Or maybe the Janggala would rediscover Madagascar and make it part of Nusantara since the Malagasy are descendants of an older Srivijayan colony group.
 
Hoysalas looking massive, I like it. Are there any makzans on the Indian mainland? How strong are the Andalusis' relationships with South Indian trade/finance guilds (do they trust Hindu/Jain bankers with their money? The Mughal imperial authorities did...)

Have any Koreans on tributary missions noticed the steam engines? With the Wu capital in the south of the country, the route that the Korean dignitaries and merchants take would span through the entire North China Plain.
 
Hoysalas looking massive, I like it. Are there any makzans on the Indian mainland? How strong are the Andalusis' relationships with South Indian trade/finance guilds (do they trust Hindu/Jain bankers with their money? The Mughal imperial authorities did...)
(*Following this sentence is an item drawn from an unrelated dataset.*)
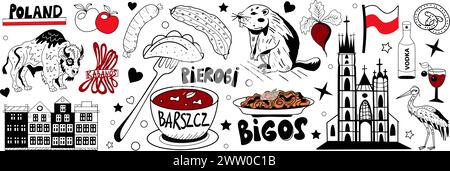 Le icone di viaggio della Polonia sono un set di simboli dei piatti tradizionali polacchi, degli animali, della bandiera e dell'architettura. Bisonte e castoro, e cabani. Traduzione in inglese di Illustrazione Vettoriale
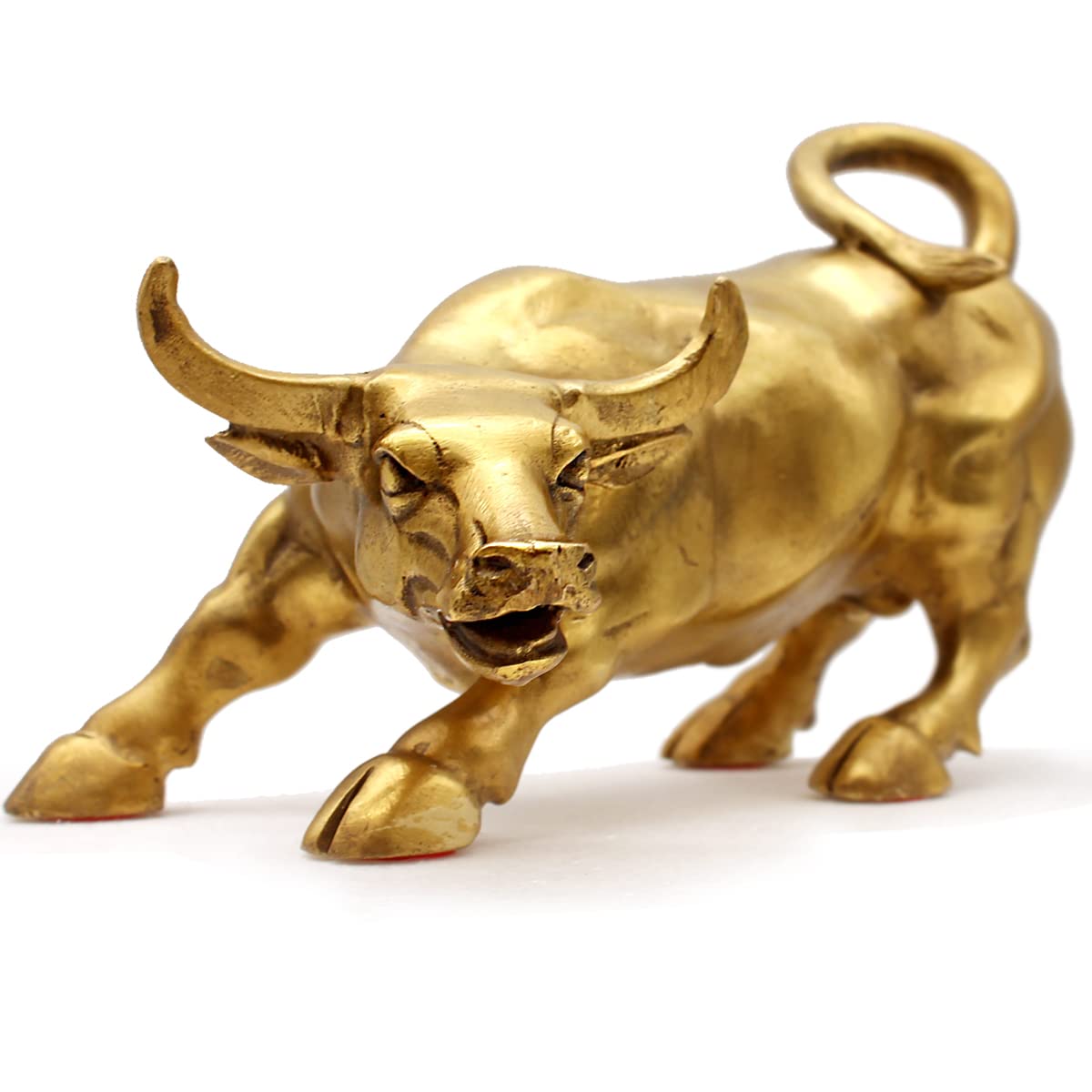 Sculpture Home Decoration Golden Copper Bull（Feng Shui） Represents Good Luck of Life Wealth, Brass Bull Figurine Bull Statue COW01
Have any Koreans on tributary missions noticed the steam engines? With the Wu capital in the south of the country, the route that the Korean dignitaries and merchants take would span through the entire North China Plain.
The makzans in India are of a bit of a different type and mostly involve Andalusi merchantmen either buying up existing harbour space or building their own by buying land from a local ruler. Goa is one of their main bases in India - they control a makzan at the mouth of the Mandovi River, built on land they bought a charter for, and have partnered with local Muslims to run it to an extent. In Kollam, they bought a charter to a few coastal properties and built a few docks, and the makzan there is just part of the town. They did similar in the Maldives.

Basically if they find an established city where they want to trade, they buy a deed and set up a trading post in the city. If there's no room, they'll either a) look somewhere else, or if they're particularly unscrupulous, b) murder someone and get their property via skullduggery.
 
Forgot to ask we need a major update of urgell! You can't do them dirty like this.

I see a bright future of urgell, alliance with france they take romania from the rear. They take the rest of romania iberian land, maybe some french land aswell.